Solar geoengineering has been touted as a promising method of ensuring that our planet remains habitable by artificially cooling the climate. However, embarking on such a path could have grave consequences if the process were to be abruptly reversed, a new study finds.
Geoengineering takes many different forms, many of which use radically different principles to achieve the same end goal. Solar geoengineering revolves around the use of aerosols to reflect sunlight back into space. The technique doesn't have a direct impact on carbon in the atmosphere, so it's not a definitive solution to climate change. However, its proponents say that it can reduce temperatures, giving us some extra time to remove more carbon from the atmosphere.
A new study led by Christopher Trisos, an ecologist at the National Socio-environmental Synthesis Center, assesses the risks of taking such an action for a limited period of time. The paper, published in Nature Ecology & Evolution, suggests that the sudden termination of a solar geoengineering program could cause greater harm than climate change itself.
"The study looks into a rapid start and a rapid termination of solar geoengineering, which is probably not the way the world would do it," said Janos Pasztor, executive director of the Carnegie Climate Geoengineering Governance Initiative, speaking to Futurism. "But we live in a not-so-perfect world. Things can happen. I share the implied worry of the authors that there is a plausible scenario that a single country, or a small group of countries, or even a wealthy individual could actually engage in solar geongineering deployment.

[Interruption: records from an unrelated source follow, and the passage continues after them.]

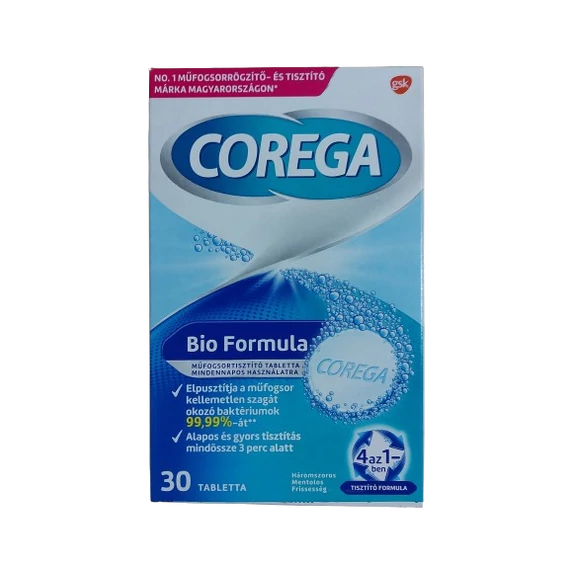 Corega Bio Formula Műfogsortisztító Tabletta 30 db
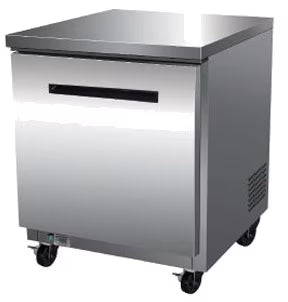 Maxx Cold Single Door Undercounter Freezer, 27.5"W, 6.5 Ct Ft, in Stainless Steel (MXCF27UHC)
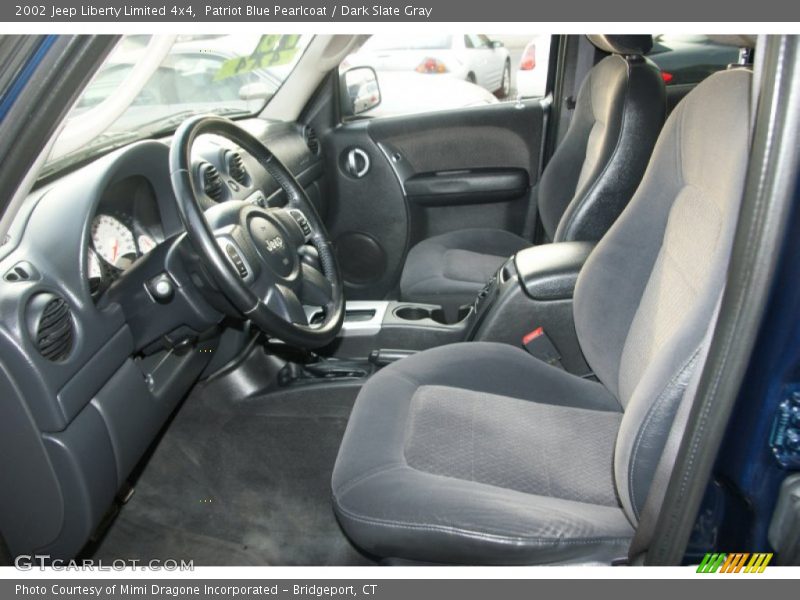 Patriot Blue Pearlcoat / Dark Slate Gray 2002 Jeep Liberty Limited 4x4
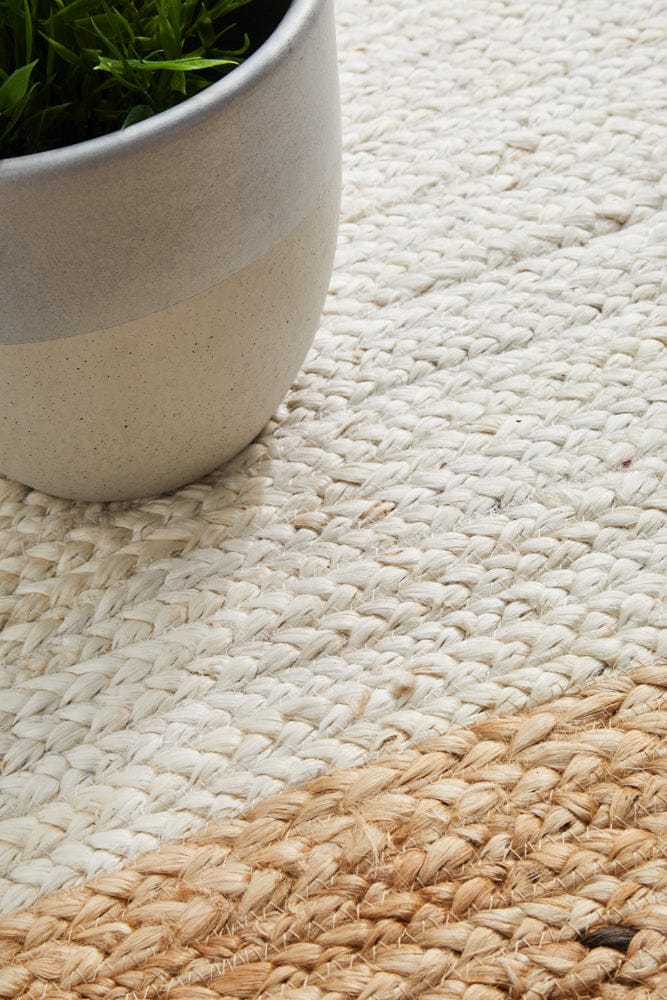 RUG CULTURE Rugs Noosa 333 White Natural Rug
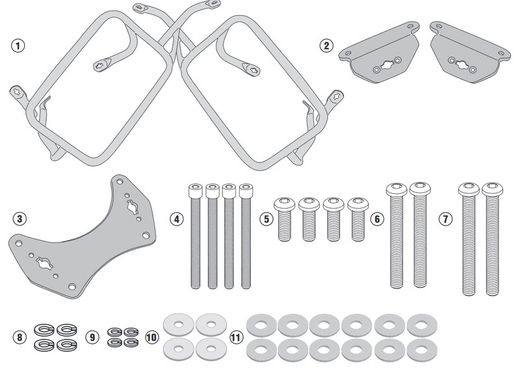 Portamaletas lateral para pl one-fit crf1100l africa twin 2020>
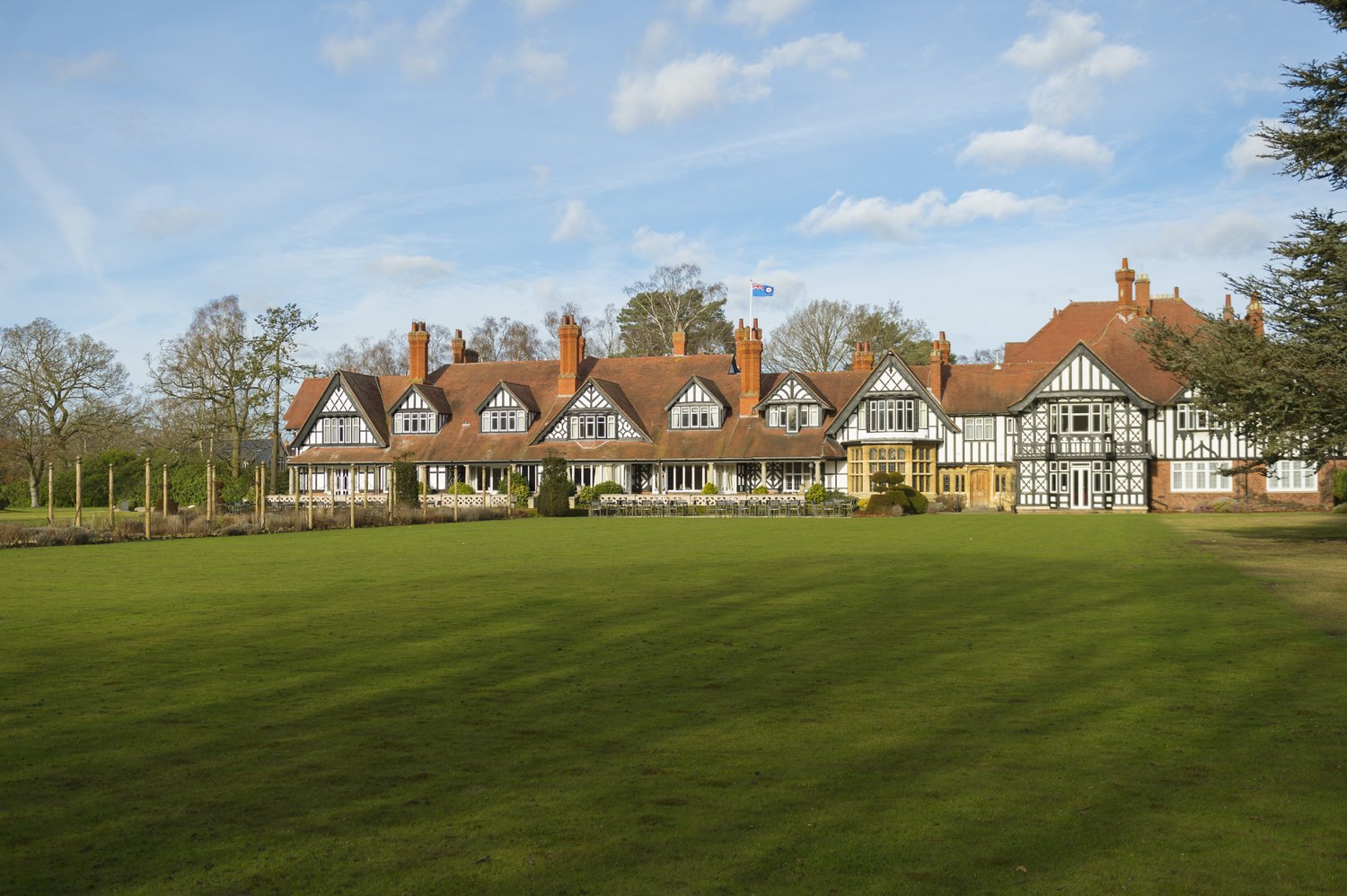 Exterior of The Golf Hotel in Woodhall Spa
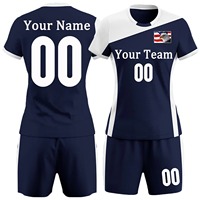 Diseño de Logotipo Personalizado, Kits de Ropa para Mujer, Camisetas de Voleibol Blancas Lisas Estampadas por Sublimación con su Propio Logotipo
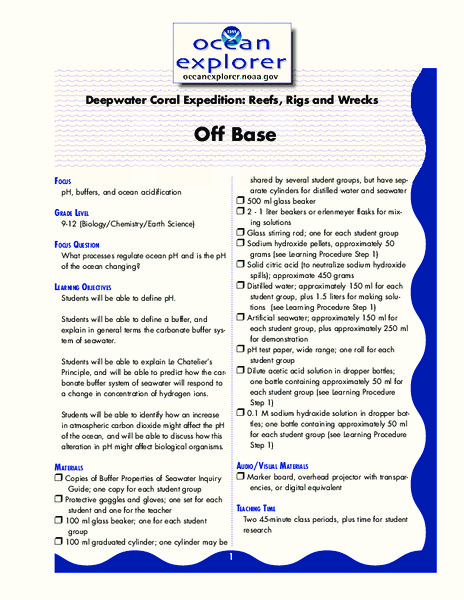Off Base Lesson Plan
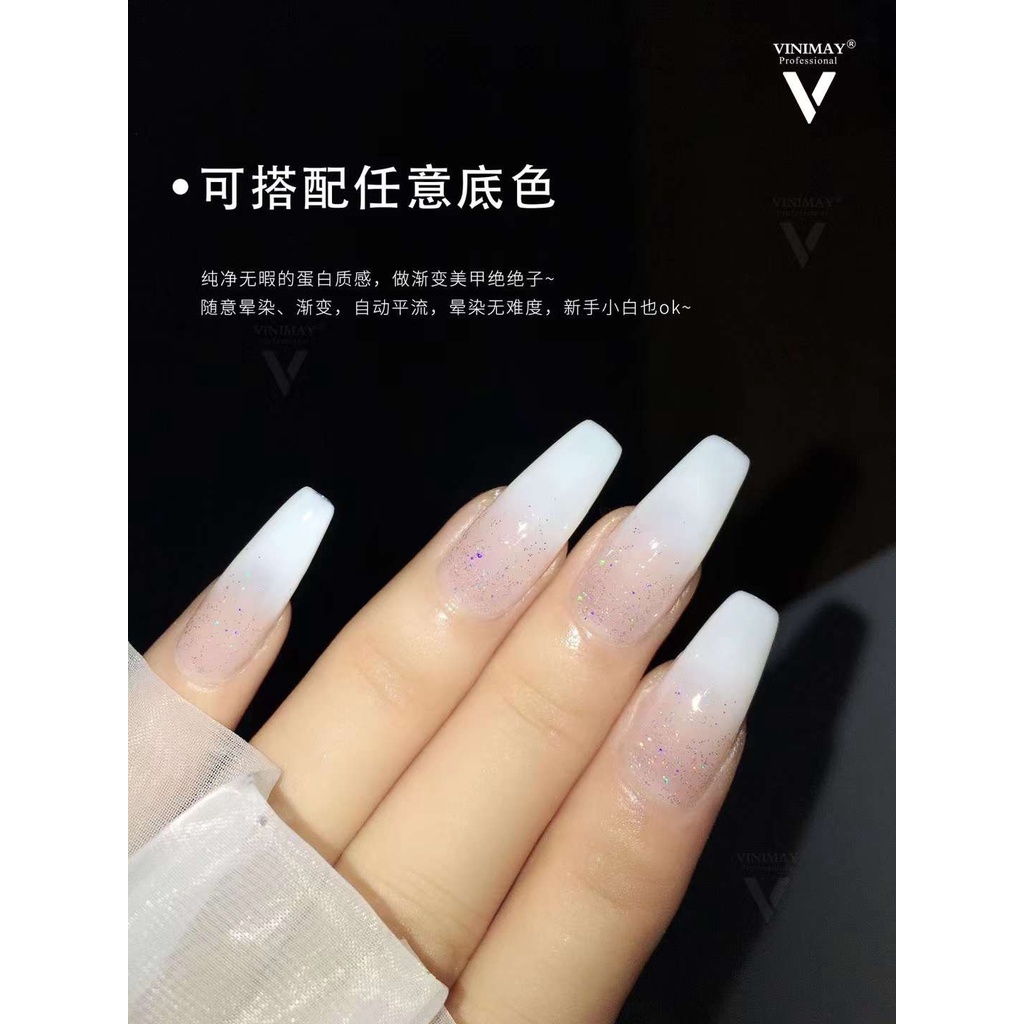 Sơn gel loang trắng Vinimay  - sơn gel móng - Sushi nail mi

That could result in exactly this kind of rapid start and rapid stop."
This kind of geoengineering, the study finds, would have a massive impact on regional ecosystems. The researchers compared changes to temperature and precipitation in a scenario where a solar geoengineering project ran from 2020 to 2070 to one where it was not. The former recorded changes to local climates that were between two and four times more dramatic.
This would mean that species would be forced to travel in one direction to maintain a similar level of precipitation, and another to pursue the temperature they are accustomed to. It's thought that areas that are rich in biodiversity, like tropical oceans and the Amazon basin, would be at the greatest risk.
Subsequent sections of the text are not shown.